Concentration properties of high-dimensional normal distributions

Our intuition and experience in low dimensions tells us that random standard normal vectors cluster around the origin. In higher dimensions, this is no longer true. Instead, despite having expectation zero, n-dimensional vectors with independent N(0,1) entries will concentrate tightly around a sphere of radius n^0.5. In particular, they will be nowhere near the origin. In this post we look at the mathematical theory behind why that is.

Stefan Stein true
05-26-2020

The probability that an \(n\)-dimensional standard normal vector is far away from the sphere of radius \(\sqrt{n}\) decays exponentially fast. In particular, even though it has expectation zero, its realizations will be nowhere close to zero.

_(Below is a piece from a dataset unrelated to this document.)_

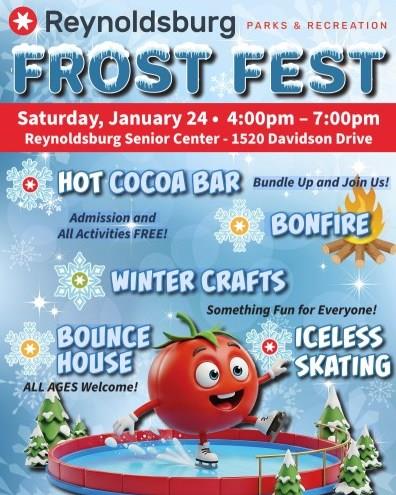 Tomato Skating on Ice with Event Information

When I first came across this fact, I was quite surprised. It did not seem clear to me at all why this would be the case and indeed, our experience from handling low-dimensional normal distributions seems to tell us exactly the opposite: If I draw from a 1-dimensional \(\mathcal{N}(0,1)\) distribution, I expect the value to be close to the origin and the “\(3\sigma\)-rule” tells me that the probability of observing anything that is further away than 3 from the origin is way below \(1\%\). When drawing form a 2-dimensional standard normal distribution, the values will again cluster close to the origin. Why is it then, that when I draw from a \(n\)-dimensional standard-normal distribution, my draws will be pushed outwards and away from the origin towards infinity? Especially since the expectation of such a vector will still be equal to zero? More, even, why are they pushed outward in an almost perfect circle? As it turns out, this result is much more intuitive and logical as it might seem at first glance, which for me, makes out a lot of the beauty of it: It seems strange and unintituve at first, but after thinking about it, you have to come to the conclusion that it actually cannot be any other way.

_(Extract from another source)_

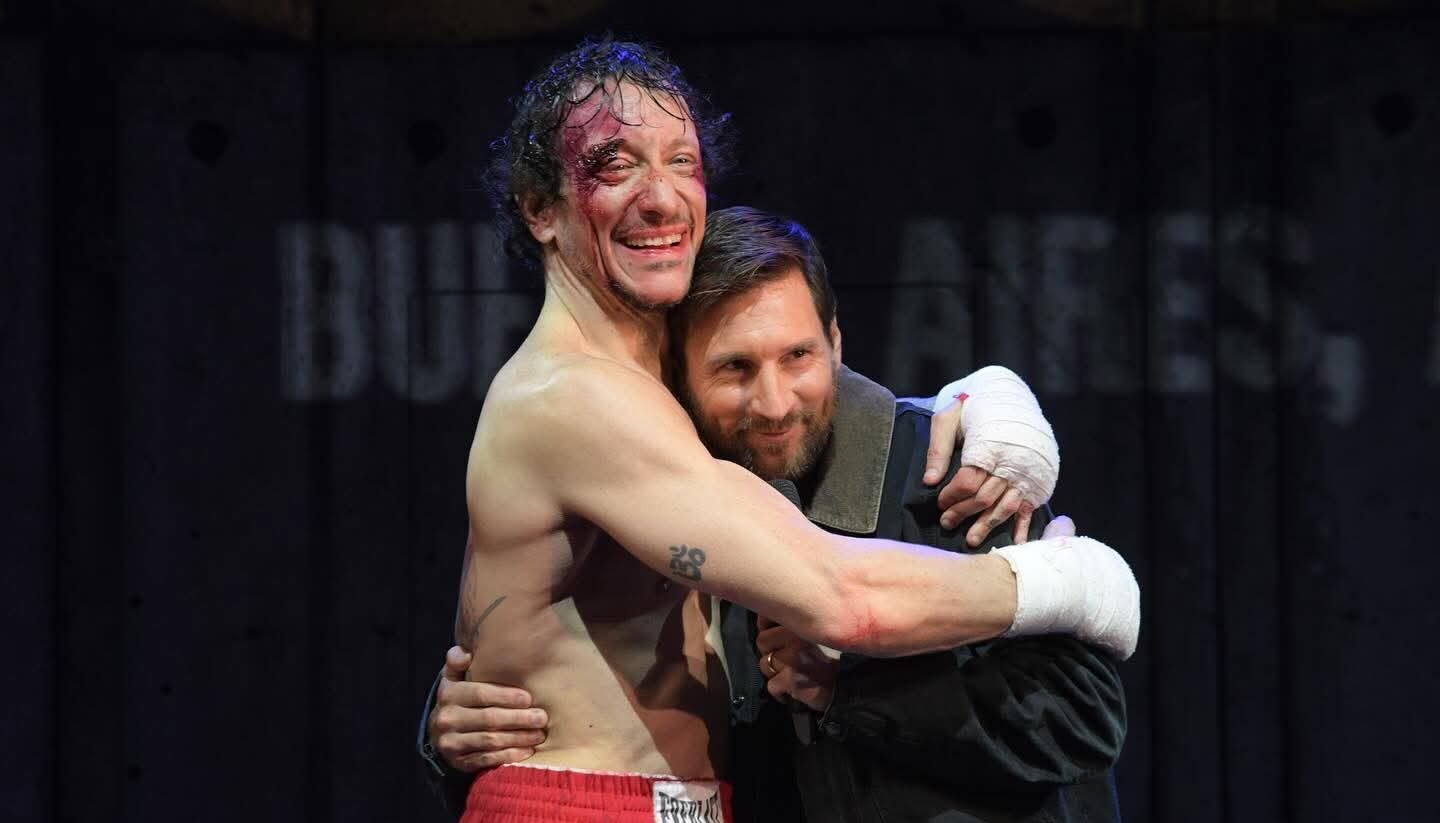 Lionel Messi fue a ver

First, let’s make precise in the following theorem what I mean by “an \(n\)-dimensional standard normal vector will concentrate tightly around a sphere of radius \(\sqrt{n}\)”.

Theorem: Let \(X\) be a random \(n\)-dimensional vector with independent \(\mathcal{N}(0,1)\) entries. Denote by \(\Vert \; . \; \Vert_2\) the Euclidean vector norm. Then, for any \(t \ge 0\), \[ P(\vert \Vert X \Vert_2 - \sqrt{n} \vert \ge t) \le 2 \exp(-c t^2), \] for some universal \(c > 0\) independent of \(n\).

In other words, the probability of observing a realization of \(X\) that is far away from the sphere with radius \(\sqrt{n}\) decays exponentially fast with the distance from the sphere. Another way to read this theorem is: If we fix a probability \(p\), say \(99\%\), then with probability \(p\), \(X\) will stay within constant distance from the sphere of radius \(\sqrt{n}\). Something that is not made explicit in the theorem, but holds nonetheless, is that the realizations of \(X\) will also be spread evenly around the sphere of radius \(\sqrt{n}\), i.e. there is not one direction in which all realizations of \(X\) lie, but rather, \(X\) behaves almost like the uniform distribution on said sphere.

Thus, we now have two questions we want answers to:

  1. Why are high-dimensional normal vectors far away from the origin in the first place?
  2. Why, with growing dimension, do they move out from the origin in an almost perfect circle?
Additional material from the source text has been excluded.